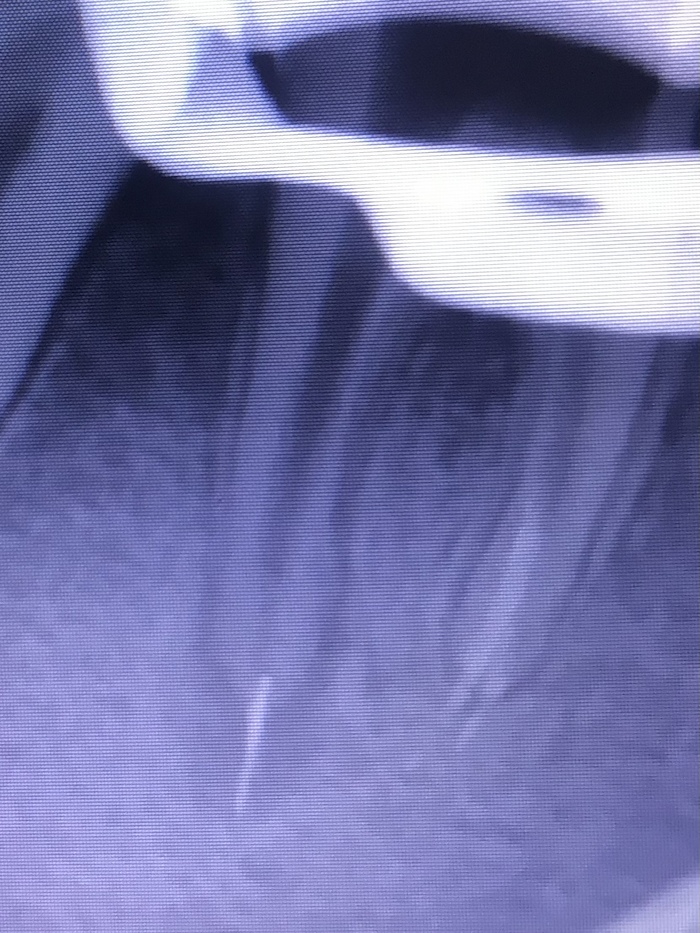 Коллеги, возник вопрос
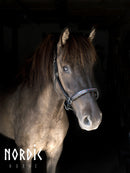 Nordic Horse lædergrime med icecolour sten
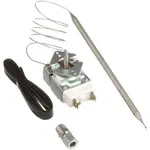 AllPoints 461141 Thermostat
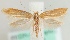  (Argyresthia bergiella - MM23953)  @14 [ ] CreativeCommons - Attribution Non-Commercial (2015) Marko Mutanen University of Oulu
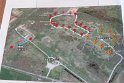 IMG_0256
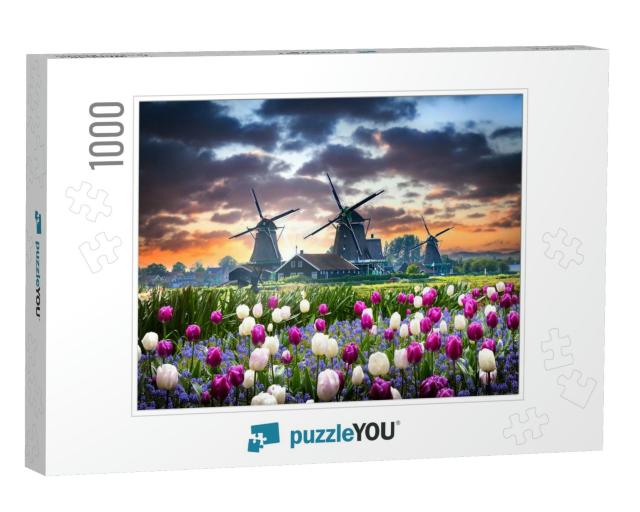 Netherlands Landscape with Beautiful Violet & White Tulip... Jigsaw Puzzle with 1000 pieces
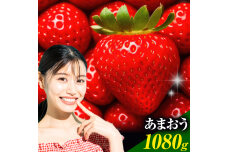 ★2026年出荷分★いちご あまおう 1080g【着日指定不可】《2026年2月中旬-4月末頃出荷》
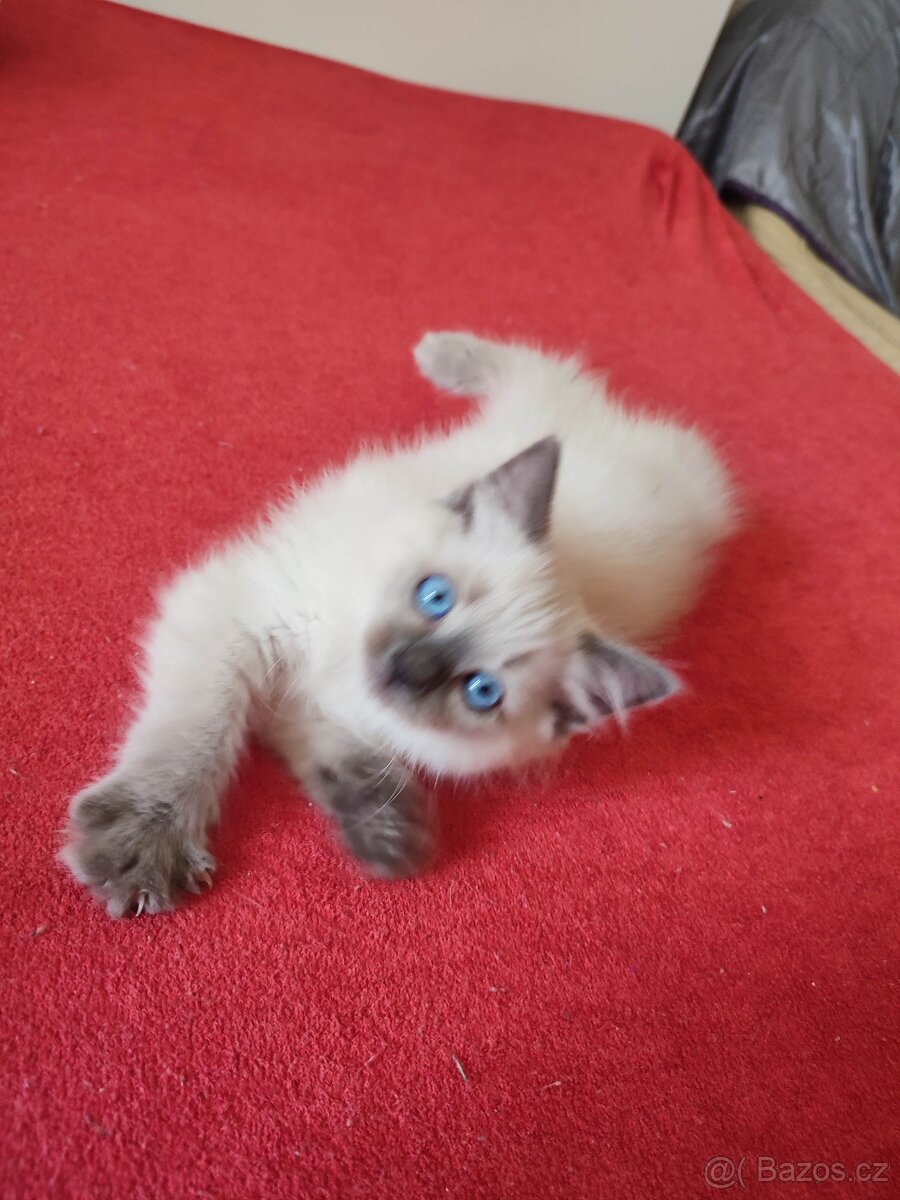 Ragdoll Blue colorpoint kočička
═══
What you should produce is an exact copy of the records, with the pictures left out.

 Коллеги, возник вопрос
 Nordic Horse lædergrime med icecolour sten
 AllPoints 461141 Thermostat
  (Argyresthia bergiella - MM23953)  @14 [ ] CreativeCommons - Attribution Non-Commercial (2015) Marko Mutanen University of Oulu
 IMG_0256
 Netherlands Landscape with Beautiful Violet & White Tulip... Jigsaw Puzzle with 1000 pieces
 ★2026年出荷分★いちご あまおう 1080g【着日指定不可】《2026年2月中旬-4月末頃出荷》
 Ragdoll Blue colorpoint kočička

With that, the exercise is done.